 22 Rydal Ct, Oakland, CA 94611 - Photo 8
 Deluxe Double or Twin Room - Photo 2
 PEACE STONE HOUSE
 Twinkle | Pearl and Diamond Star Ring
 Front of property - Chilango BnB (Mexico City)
==
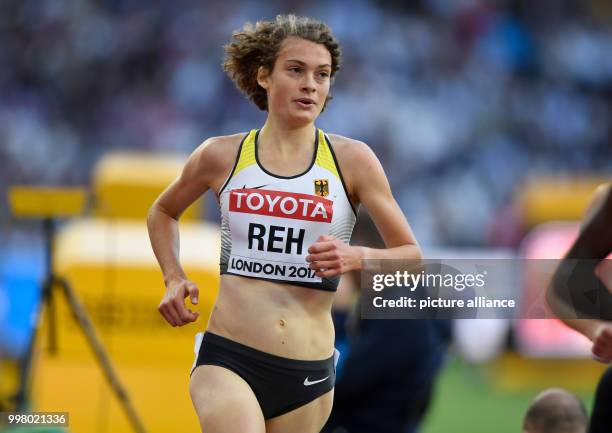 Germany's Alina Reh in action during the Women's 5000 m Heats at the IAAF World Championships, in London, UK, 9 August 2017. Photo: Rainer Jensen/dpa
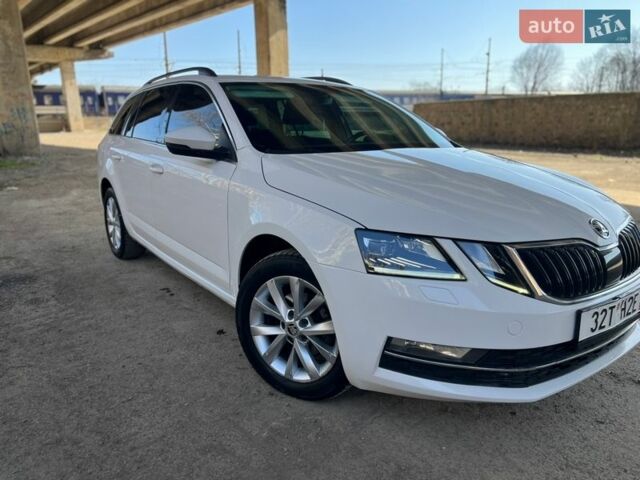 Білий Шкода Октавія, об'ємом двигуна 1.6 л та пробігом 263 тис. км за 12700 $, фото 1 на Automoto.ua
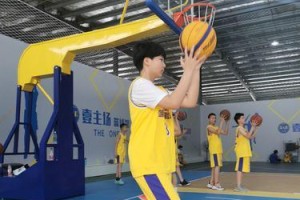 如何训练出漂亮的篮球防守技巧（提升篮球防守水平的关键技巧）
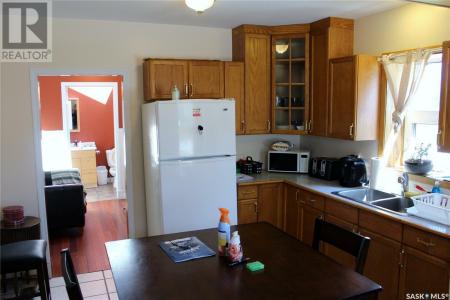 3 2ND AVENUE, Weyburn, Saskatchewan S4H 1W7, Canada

Exercise directions
In the listing above, find the line with "22 Rydal Ct, Oakland, CA 94611 - Photo 8" and the line with "Front of property", then print exactly those lines and every line between them.

Exercise solution
 22 Rydal Ct, Oakland, CA 94611 - Photo 8
 Deluxe Double or Twin Room - Photo 2
 PEACE STONE HOUSE
 Twinkle | Pearl and Diamond Star Ring
 Front of property - Chilango BnB (Mexico City)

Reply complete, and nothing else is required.